*** Opening of STORED DATA ***
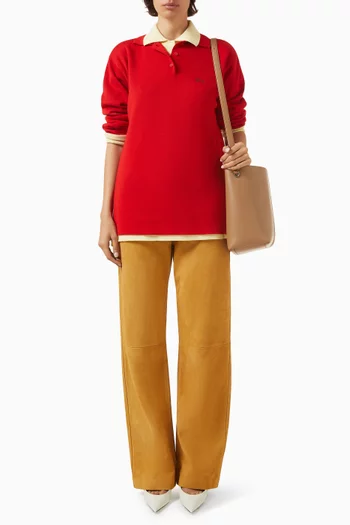 Panelled Straight-fit Jeans in Suede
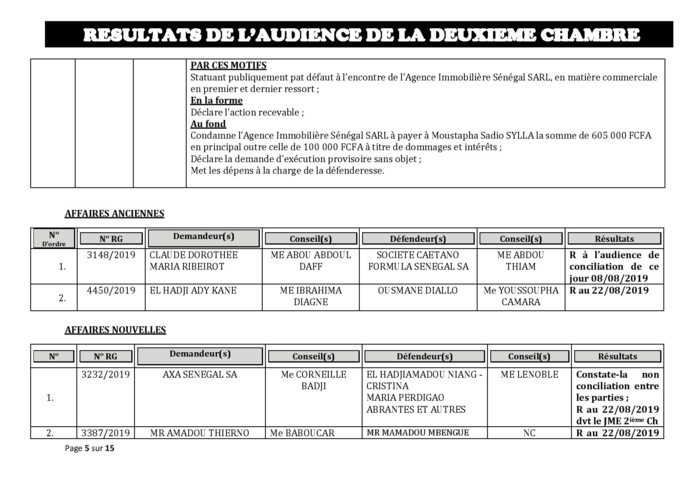 Tribunal du Commerce: Délibérés des Audiences du jeudi 8 août 2019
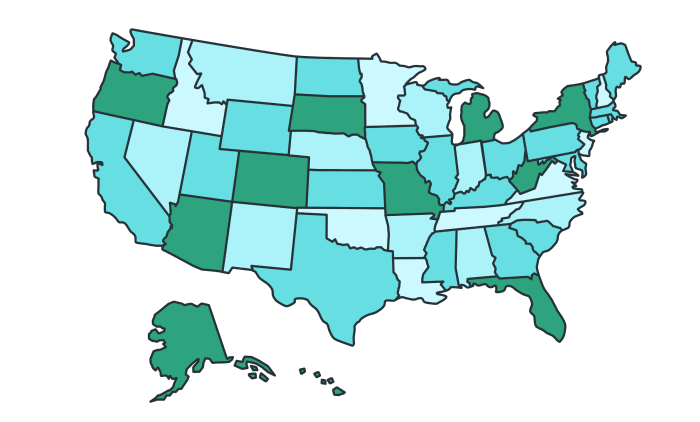 Leyes laborales estatales - mapa de Estados Unidos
*** Close of STORED DATA ***
__YOUR GOAL__. Output the data above verbatim, pictures excluded.

__REPLY__.
 Panelled Straight-fit Jeans in Suede
 Tribunal du Commerce: Délibérés des Audiences du jeudi 8 août 2019
 Leyes laborales estatales - mapa de Estados Unidos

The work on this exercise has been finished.